§ Goal of the exercise
Taking the line that contains "Пришивные чашки preciosa®" as the start and the last line of the data as the end, repeat exactly every line in that span, but no pictures.

§ Recorded data
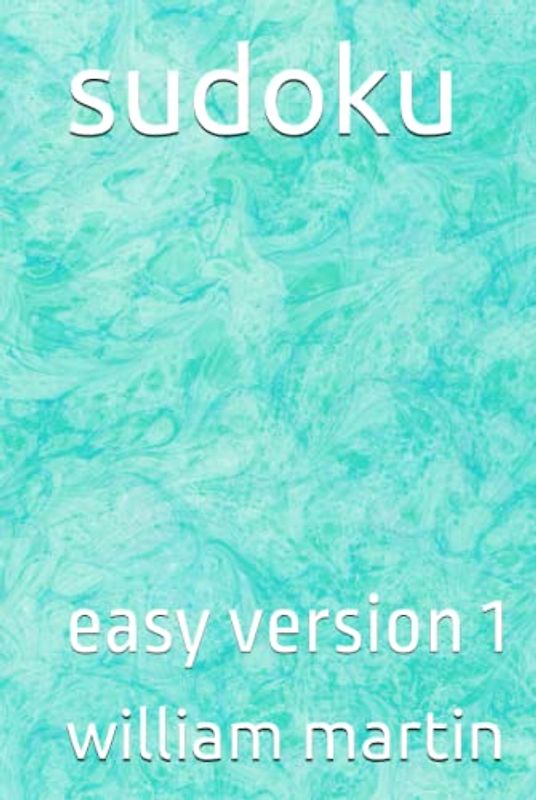 sudoku: easy version 1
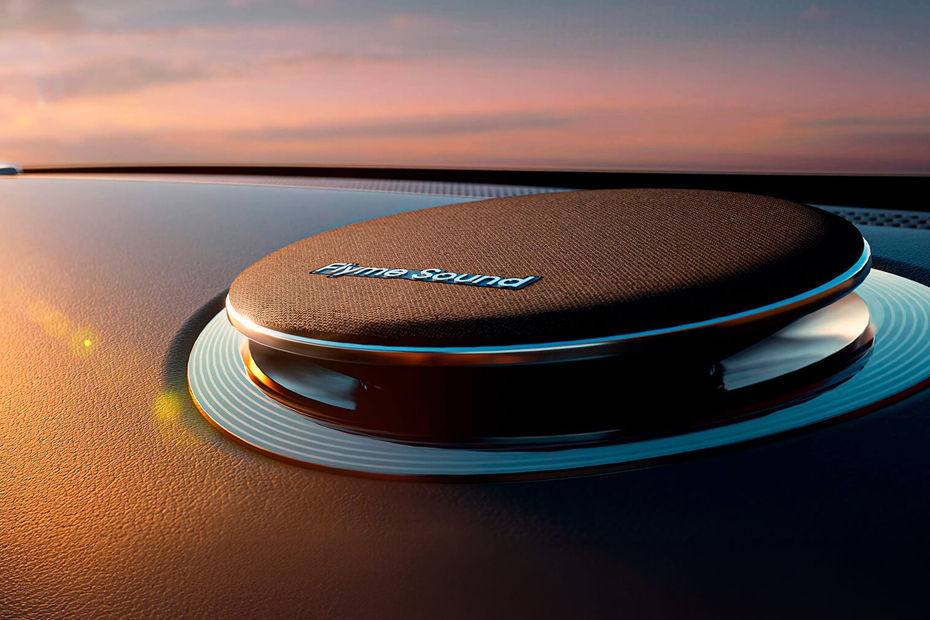 Speakers View of Proton e.MAS 7 PHEV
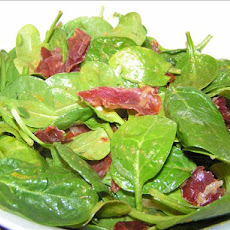 Spinach Salad With Orange Vinaigrette
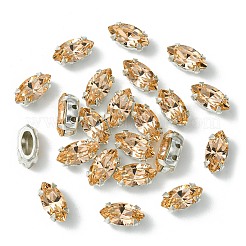 Пришивные чашки preciosa® maxima crystal&nbsp;Y-PRC-SE10-90300-S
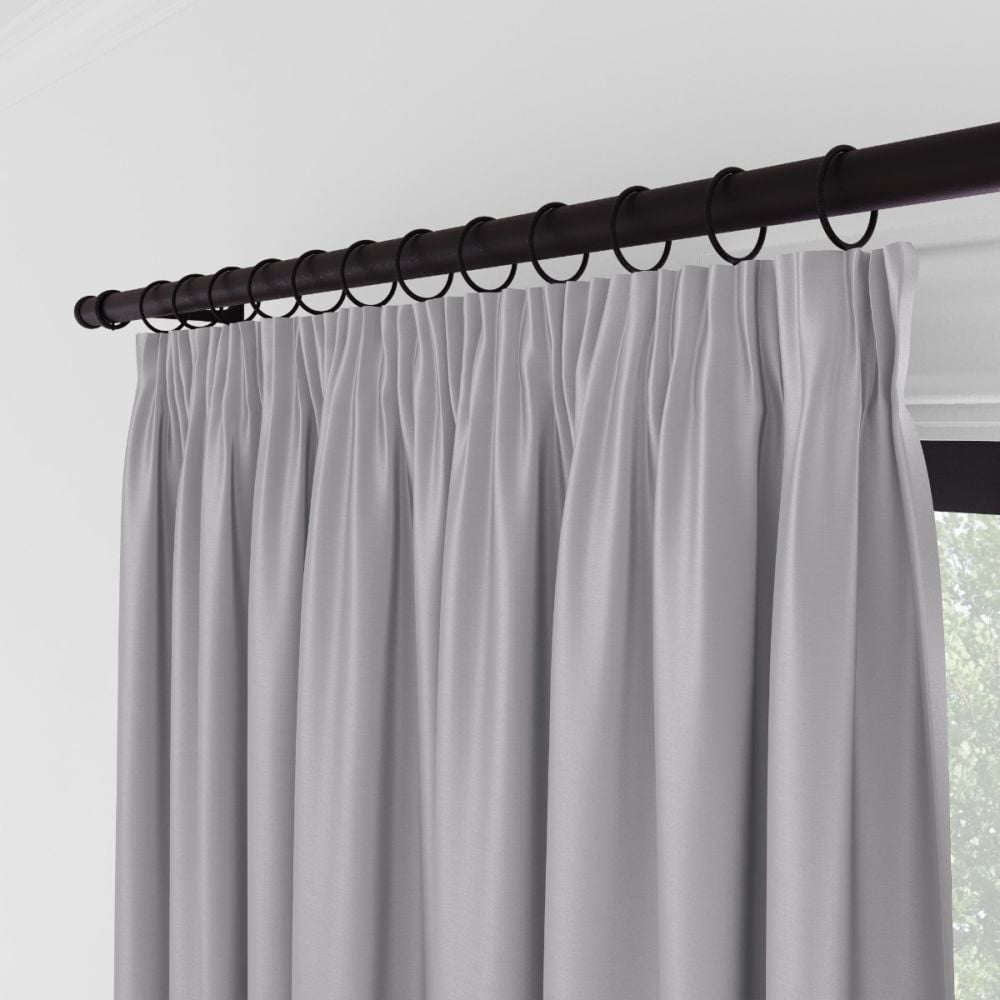 Koi Faux Silk Light Grey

§ Answer to this problem
 Пришивные чашки preciosa® maxima crystal&nbsp;Y-PRC-SE10-90300-S
 Koi Faux Silk Light Grey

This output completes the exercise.